**Supplied data:**
^^^^^^^^
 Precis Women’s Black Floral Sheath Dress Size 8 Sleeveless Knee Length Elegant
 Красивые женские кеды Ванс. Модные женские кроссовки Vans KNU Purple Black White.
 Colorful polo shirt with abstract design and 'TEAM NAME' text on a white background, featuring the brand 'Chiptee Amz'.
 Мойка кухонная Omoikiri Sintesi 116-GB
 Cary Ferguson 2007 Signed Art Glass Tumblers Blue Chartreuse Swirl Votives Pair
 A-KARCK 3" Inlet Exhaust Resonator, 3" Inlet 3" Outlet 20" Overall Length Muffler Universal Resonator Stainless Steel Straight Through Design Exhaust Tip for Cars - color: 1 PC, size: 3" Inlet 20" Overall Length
^^^^^^^^
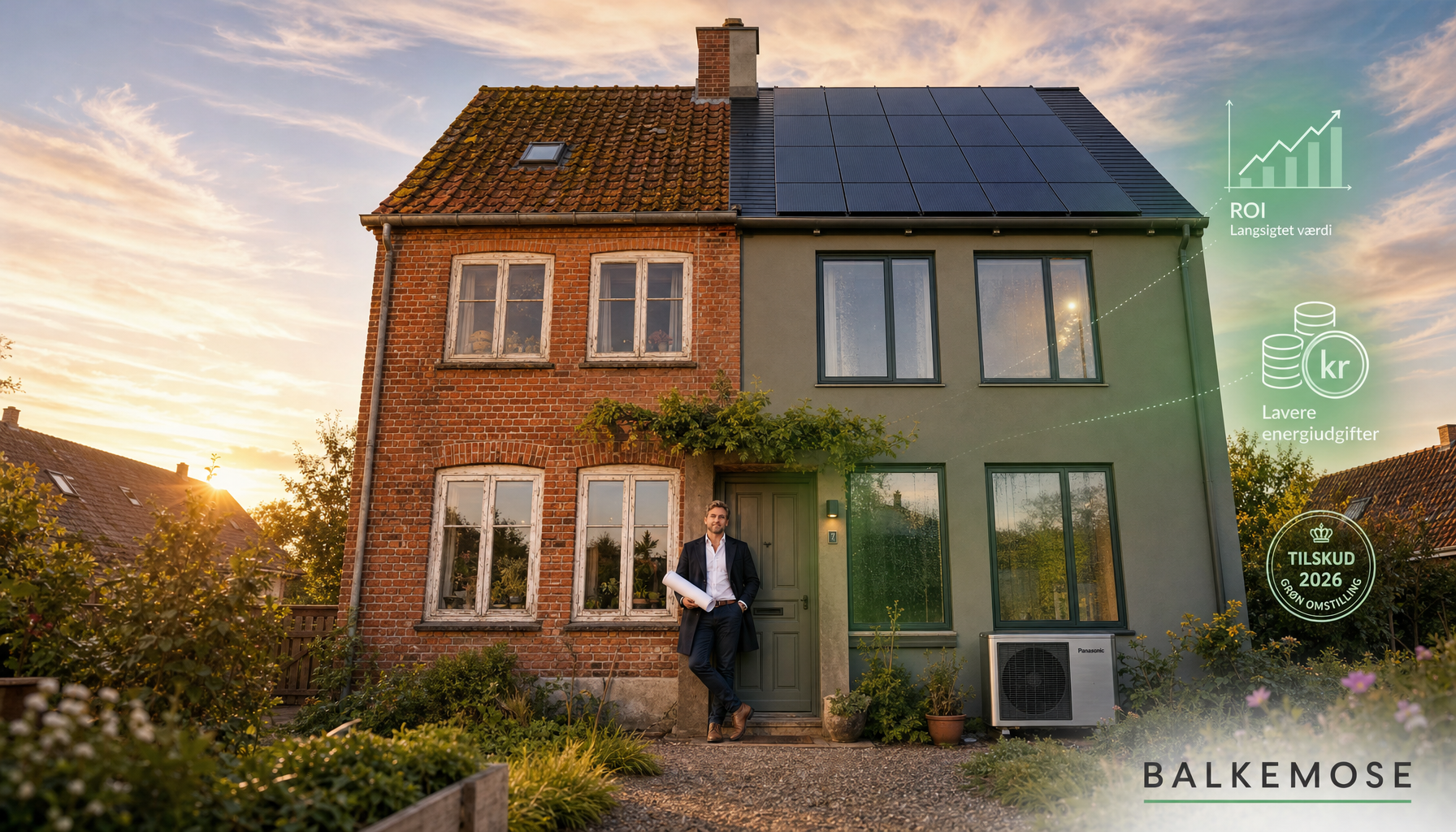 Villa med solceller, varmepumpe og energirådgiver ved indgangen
^^^^^^^^
**Problem statement:** For this exercise, please output exactly the lines above starting at the line with "Мойка кухонная Omoikiri Sintesi 116-GB" and ending at the line with "Overall Length Muffler", ends included.

**Result of the exercise:**
 Мойка кухонная Omoikiri Sintesi 116-GB
 Cary Ferguson 2007 Signed Art Glass Tumblers Blue Chartreuse Swirl Votives Pair
 A-KARCK 3" Inlet Exhaust Resonator, 3" Inlet 3" Outlet 20" Overall Length Muffler Universal Resonator Stainless Steel Straight Through Design Exhaust Tip for Cars - color: 1 PC, size: 3" Inlet 20" Overall Length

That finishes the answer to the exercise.